GOAL OF THE EXERCISE → When you reproduce the data, keep every word exactly as it stands and leave the pictures out.

### DATA PROVIDED

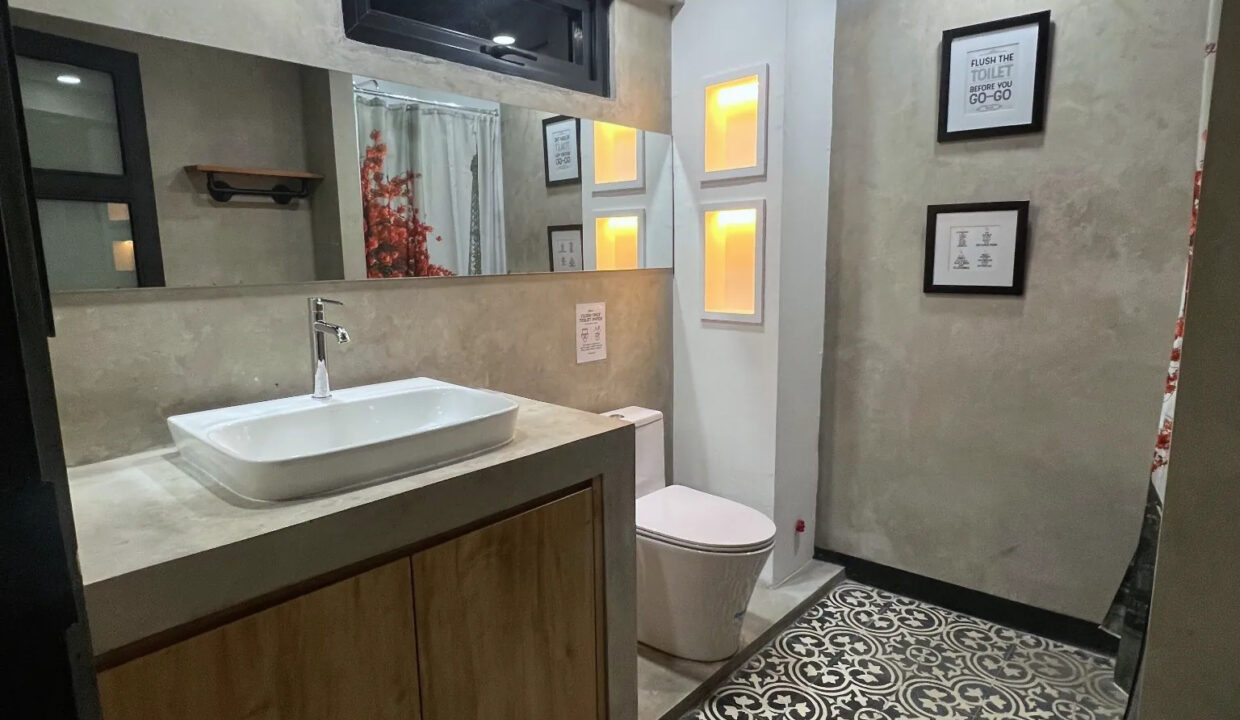 Newly Renovated Loft Apartment in the Heart of Seminyak (9)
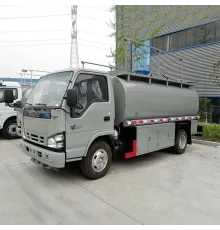 Японский бренд ISUZU 4x2 5000L Мини Топливозаправщик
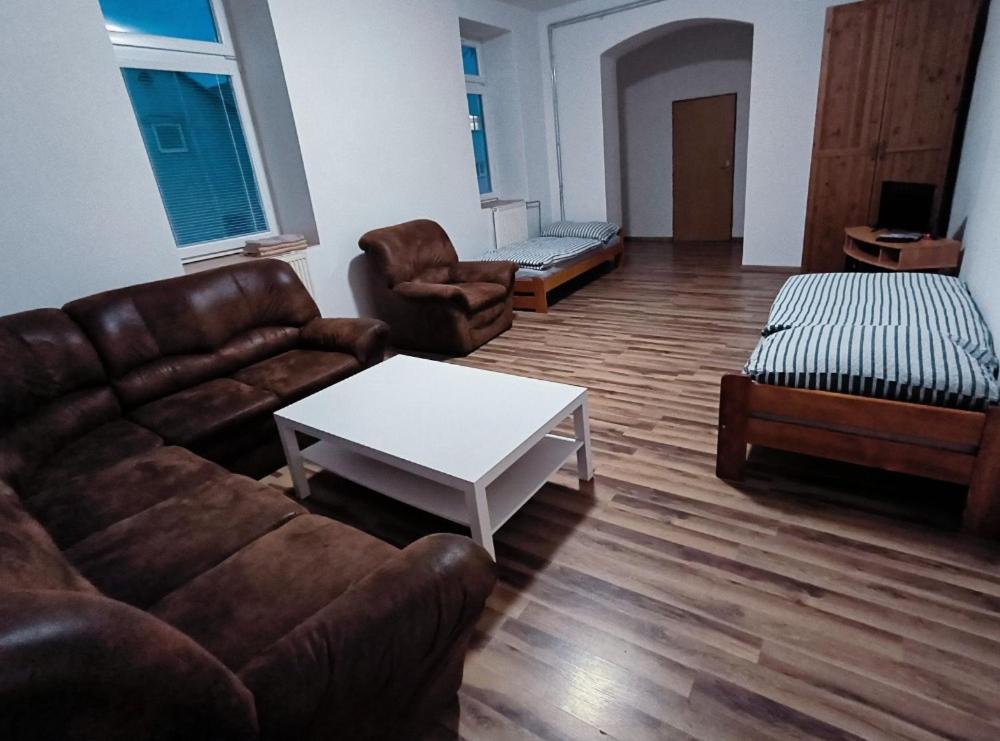 Ústí nad Labem Apartmany Prazska מראה חיצוני תמונה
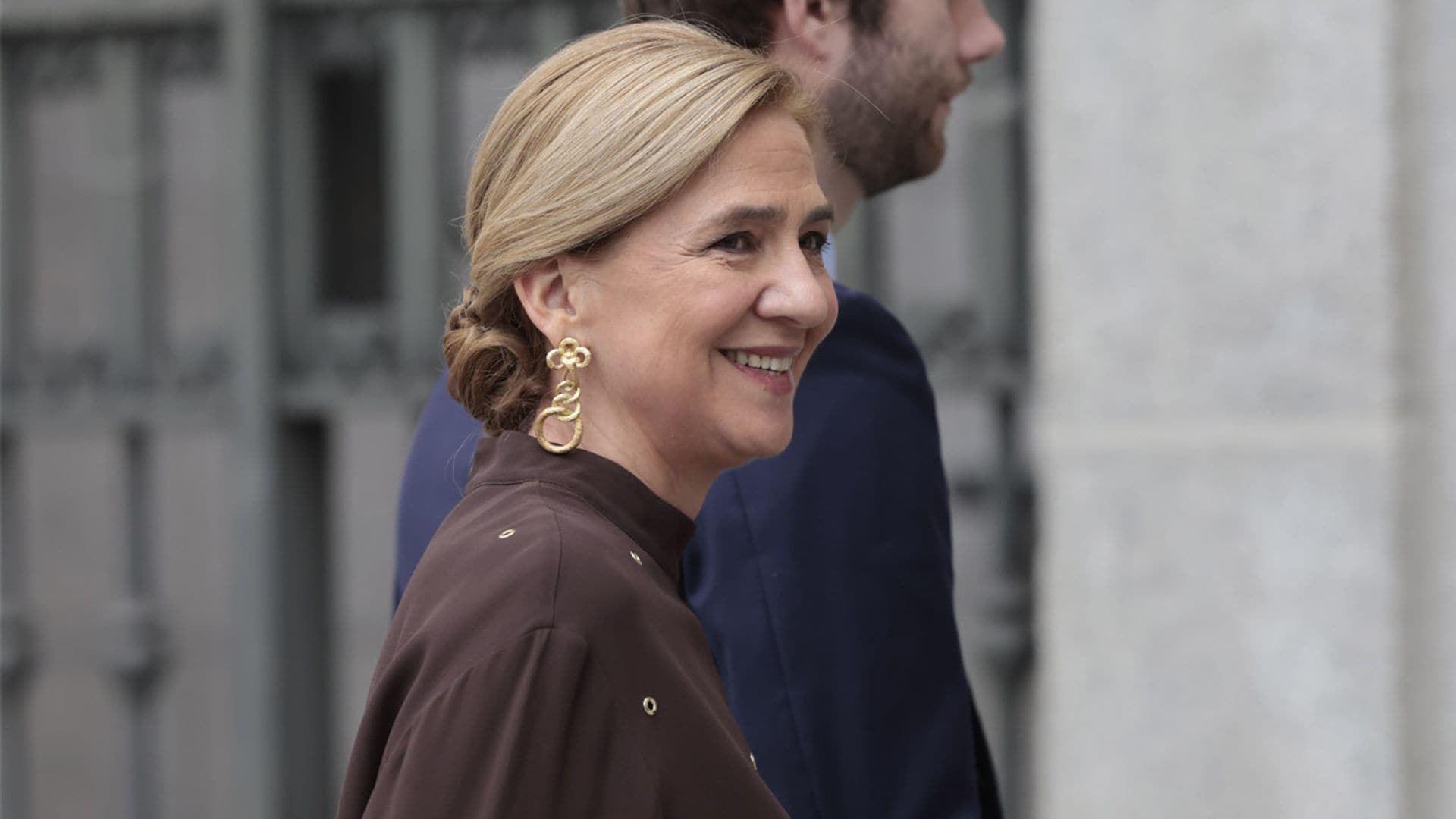 Las infantas Cristina y Elena innovan con sus peinados de invitada en la boda de Almeida y Teresa Urquijo
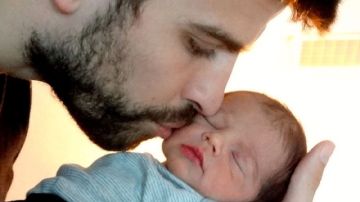 Primera foto oficial del hijo de Shakira, Milan Piqué Mebarak, en brazos del padre  Gerard Piqué.
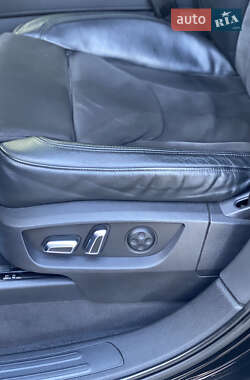 Внедорожник / Кроссовер Audi Q7 2013 в 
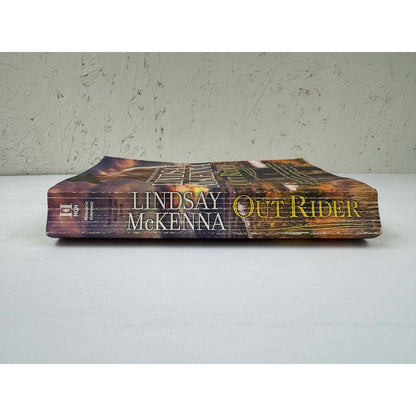 Out Rider by Lindsay McKenna (Paperback) - Image 3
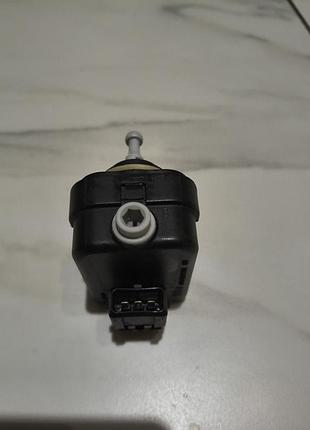 Коректор фар nissan note e11 89028944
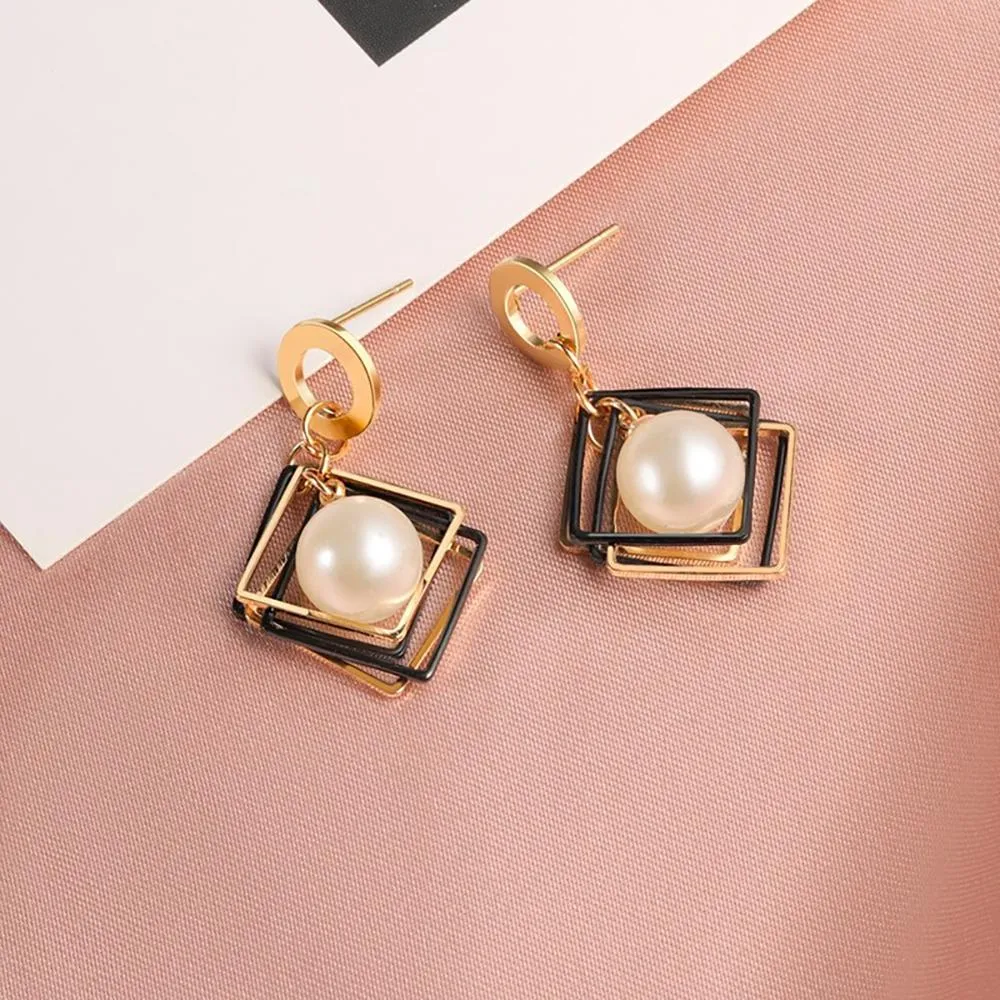 On-Trend Geometric Shape Drop Earrings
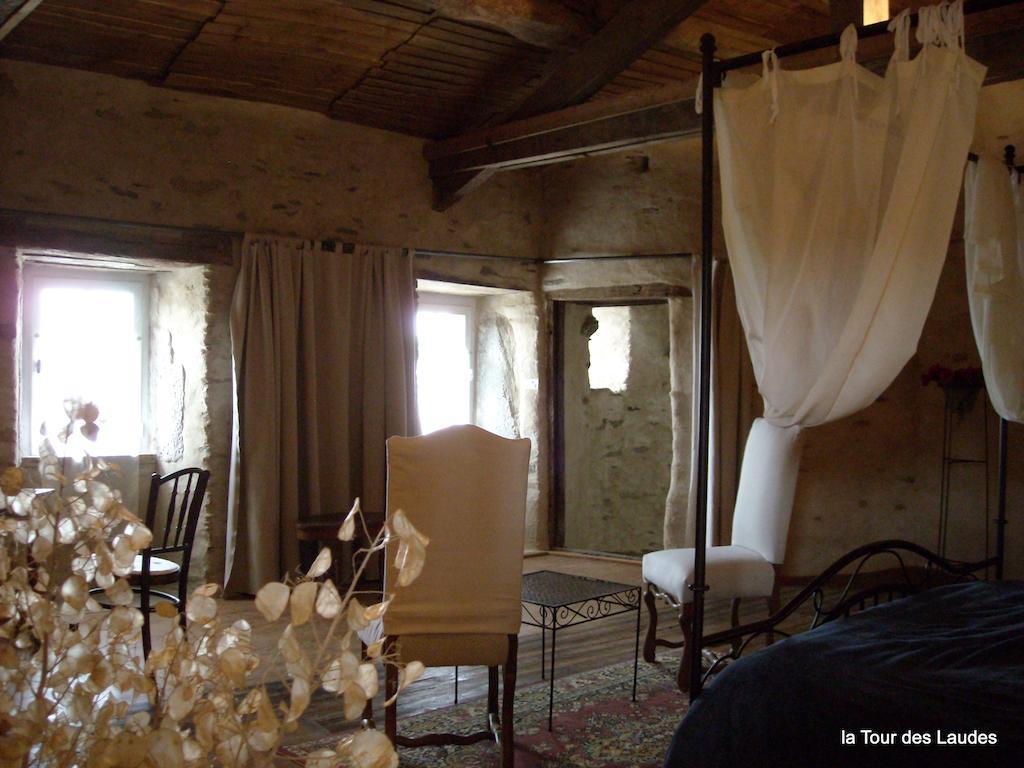 La Tour Des Laudes Bed and Breakfast Breuil-Barret Buitenkant foto
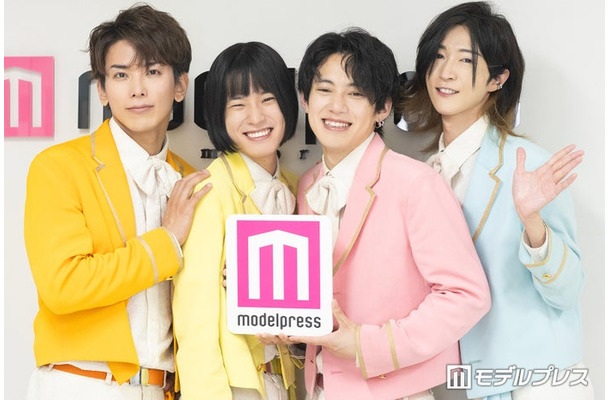 モデルプレスの取材に応じたじん、おヨネ、ケンケン、サカイJr.／モナキ（C）モデルプレス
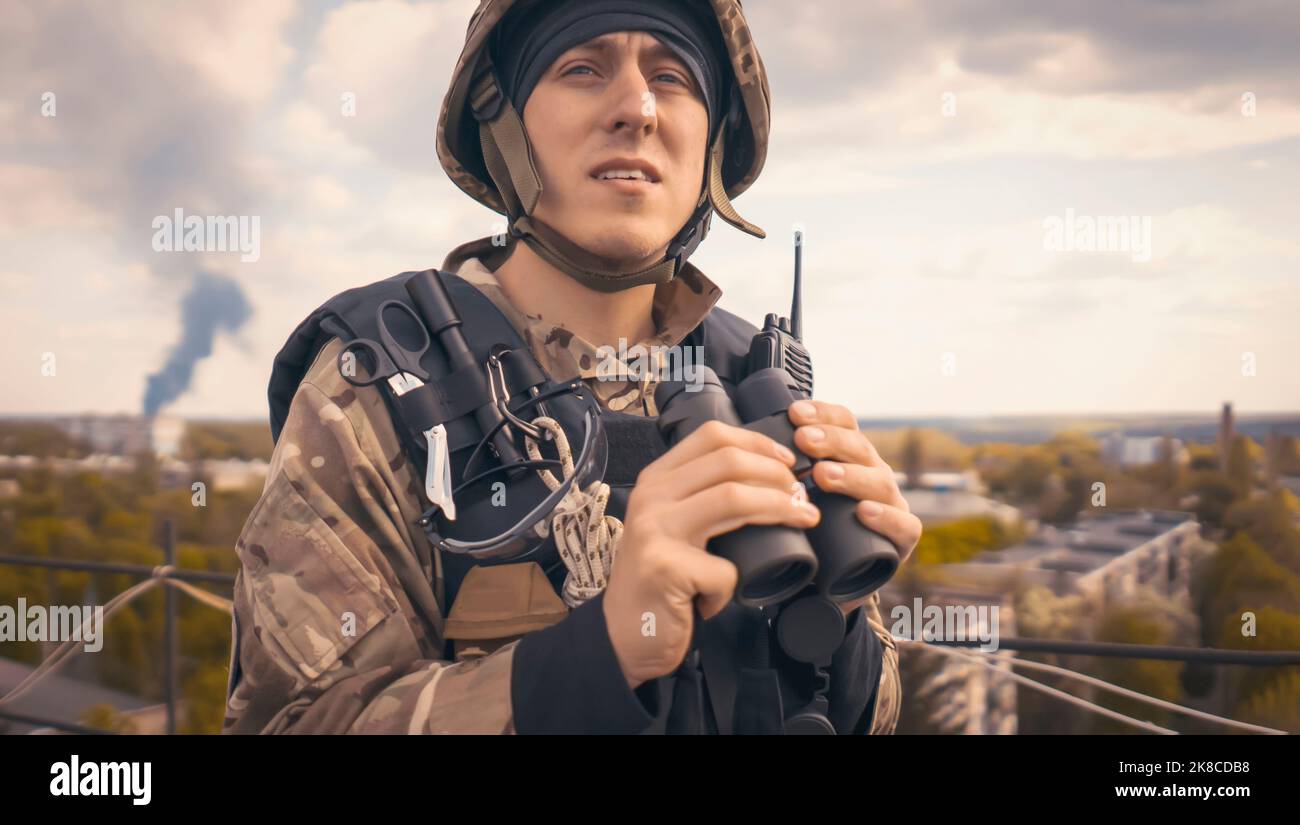 Un homme avec un binoculaire et dans l'uniforme militaire. Banque D'Images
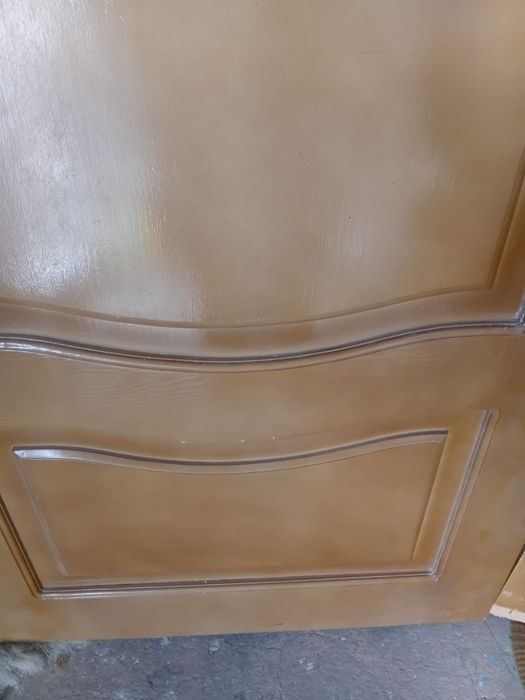 Дверь деревянная входная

######

SOLUTION →
 Newly Renovated Loft Apartment in the Heart of Seminyak (9)
 Японский бренд ISUZU 4x2 5000L Мини Топливозаправщик
 Ústí nad Labem Apartmany Prazska מראה חיצוני תמונה
 Las infantas Cristina y Elena innovan con sus peinados de invitada en la boda de Almeida y Teresa Urquijo
 Primera foto oficial del hijo de Shakira, Milan Piqué Mebarak, en brazos del padre  Gerard Piqué.
 Внедорожник / Кроссовер Audi Q7 2013 в 
 Out Rider by Lindsay McKenna (Paperback) - Image 3
 Коректор фар nissan note e11 89028944
 On-Trend Geometric Shape Drop Earrings
 La Tour Des Laudes Bed and Breakfast Breuil-Barret Buitenkant foto
 モデルプレスの取材に応じたじん、おヨネ、ケンケン、サカイJr.／モナキ（C）モデルプレス
 Un homme avec un binoculaire et dans l'uniforme militaire. Banque D'Images
 Дверь деревянная входная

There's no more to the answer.